March 25, 2009
CATHERINE DORSEY, PLAINTIFF,
COBBLESTONE VILLAGE EQUITIES, LLC, SCHULTZ MANAGEMENT CORP., AND BAYVILLE PHARMACY, DEFENDANTS-RESPONDENTS, AND J.T. SPRINKLERS T/A SUN LANDSCAPE CONTRACTORS, DEFENDANT-APPELLANT.
On appeal from the Superior Court of New Jersey, Law Division, Monmouth County, Docket No. L-2613-04.
NOT FOR PUBLICATION WITHOUT THE APPROVAL OF THE APPELLATE DIVISION
Submitted February 25, 2009
Before Judges Parrillo and Messano.
Defendant J.T. Sprinklers t/a Sun Landscape Contractors (Sun Landscape) appeals from the order of the Law Division granting summary judgment in favor of defendants Cobblestone Village Equities, LLC, and Schultz Management Group (collectively, Cobblestone) on their cross-claim for indemnity. We affirm.

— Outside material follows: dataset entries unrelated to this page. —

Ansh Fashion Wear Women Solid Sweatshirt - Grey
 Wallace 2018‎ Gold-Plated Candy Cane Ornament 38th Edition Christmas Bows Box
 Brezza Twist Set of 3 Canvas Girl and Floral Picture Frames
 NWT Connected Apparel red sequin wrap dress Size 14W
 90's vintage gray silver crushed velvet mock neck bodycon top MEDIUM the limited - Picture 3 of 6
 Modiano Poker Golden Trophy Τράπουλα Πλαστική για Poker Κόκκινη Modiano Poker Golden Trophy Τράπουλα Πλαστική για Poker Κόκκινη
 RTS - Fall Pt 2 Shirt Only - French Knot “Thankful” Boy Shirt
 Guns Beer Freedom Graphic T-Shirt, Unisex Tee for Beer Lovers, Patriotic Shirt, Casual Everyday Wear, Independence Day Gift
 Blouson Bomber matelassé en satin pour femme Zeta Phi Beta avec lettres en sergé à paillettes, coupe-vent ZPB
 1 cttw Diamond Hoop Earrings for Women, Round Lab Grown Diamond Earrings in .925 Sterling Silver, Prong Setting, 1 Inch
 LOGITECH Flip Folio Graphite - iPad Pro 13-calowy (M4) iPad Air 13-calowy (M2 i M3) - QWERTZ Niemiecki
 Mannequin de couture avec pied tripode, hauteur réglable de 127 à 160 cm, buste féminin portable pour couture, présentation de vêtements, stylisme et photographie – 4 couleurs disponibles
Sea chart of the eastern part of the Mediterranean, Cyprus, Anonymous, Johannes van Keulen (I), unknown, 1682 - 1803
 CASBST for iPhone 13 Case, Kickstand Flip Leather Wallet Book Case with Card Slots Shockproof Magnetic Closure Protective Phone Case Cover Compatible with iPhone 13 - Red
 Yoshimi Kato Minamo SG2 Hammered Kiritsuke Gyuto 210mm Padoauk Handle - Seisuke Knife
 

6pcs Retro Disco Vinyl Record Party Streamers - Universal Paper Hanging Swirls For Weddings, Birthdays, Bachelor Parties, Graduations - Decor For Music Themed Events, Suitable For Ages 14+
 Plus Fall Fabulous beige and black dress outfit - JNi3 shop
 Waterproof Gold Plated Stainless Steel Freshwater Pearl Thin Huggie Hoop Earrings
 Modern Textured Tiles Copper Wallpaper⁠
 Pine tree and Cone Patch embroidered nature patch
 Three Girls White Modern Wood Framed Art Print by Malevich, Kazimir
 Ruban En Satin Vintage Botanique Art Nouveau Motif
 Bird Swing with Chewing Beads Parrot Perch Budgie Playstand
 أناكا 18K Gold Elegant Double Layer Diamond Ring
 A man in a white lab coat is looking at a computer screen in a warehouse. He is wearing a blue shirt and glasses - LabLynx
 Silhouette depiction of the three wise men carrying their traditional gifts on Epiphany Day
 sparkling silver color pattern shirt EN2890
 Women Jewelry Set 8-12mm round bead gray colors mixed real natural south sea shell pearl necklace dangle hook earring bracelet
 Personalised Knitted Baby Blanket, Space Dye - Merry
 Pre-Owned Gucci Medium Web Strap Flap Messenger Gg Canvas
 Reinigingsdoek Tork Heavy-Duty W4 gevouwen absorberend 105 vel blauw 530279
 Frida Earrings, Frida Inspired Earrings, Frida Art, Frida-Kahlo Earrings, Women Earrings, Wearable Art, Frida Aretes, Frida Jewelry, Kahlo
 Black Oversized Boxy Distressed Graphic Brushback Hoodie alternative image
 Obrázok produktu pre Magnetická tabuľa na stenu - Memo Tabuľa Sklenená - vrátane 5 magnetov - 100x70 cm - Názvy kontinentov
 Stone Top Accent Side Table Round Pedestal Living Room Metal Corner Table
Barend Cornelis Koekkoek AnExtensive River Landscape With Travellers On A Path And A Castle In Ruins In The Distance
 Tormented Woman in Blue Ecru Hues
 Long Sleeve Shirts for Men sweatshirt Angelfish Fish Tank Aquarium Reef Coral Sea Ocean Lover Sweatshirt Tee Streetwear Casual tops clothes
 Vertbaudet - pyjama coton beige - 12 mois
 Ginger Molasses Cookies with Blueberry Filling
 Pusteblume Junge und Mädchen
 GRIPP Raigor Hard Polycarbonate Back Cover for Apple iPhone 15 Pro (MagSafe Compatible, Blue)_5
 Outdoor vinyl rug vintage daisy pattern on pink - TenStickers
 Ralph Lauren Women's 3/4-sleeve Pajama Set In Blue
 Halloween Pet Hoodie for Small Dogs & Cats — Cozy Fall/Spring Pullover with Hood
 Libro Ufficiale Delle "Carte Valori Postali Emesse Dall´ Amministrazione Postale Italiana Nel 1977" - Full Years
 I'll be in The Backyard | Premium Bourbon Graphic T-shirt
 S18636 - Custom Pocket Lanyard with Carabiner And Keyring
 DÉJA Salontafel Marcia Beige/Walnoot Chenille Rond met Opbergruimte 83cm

The facts are straightforward. On February 5, 2004, plaintiff Catherine Dorsey slipped and fell on ice in the parking lot of Cobblestone Village, a strip mall in Ocean Township, in front of a Bayville Pharmacy store. Cobblestone Village is owned by Cobblestone Village Equities, LLC and managed by Schultz Management Corporation. Three months prior to plaintiff's fall, Schultz hired an independent contractor, Sun Landscape, to remove ice and snow on the Cobblestone Village property. The parties entered into a service contract from November 15, 2003 to April 30, 2004, which obligated Sun Landscape, among other things, to perform the following duties:
Whenever any snow or freezing weather occurs, contractor will remove snow and/or apply sand, calcium chloride, or a combination thereof, to clear the surface parking lots and walkways to eliminate hazardous slipping conditions and make them safe and passable for cars and pedestrians when and where required. In no event will Contractor allow accumulation of snow to exceed a depth of two (2) inches. [emphasis in original.]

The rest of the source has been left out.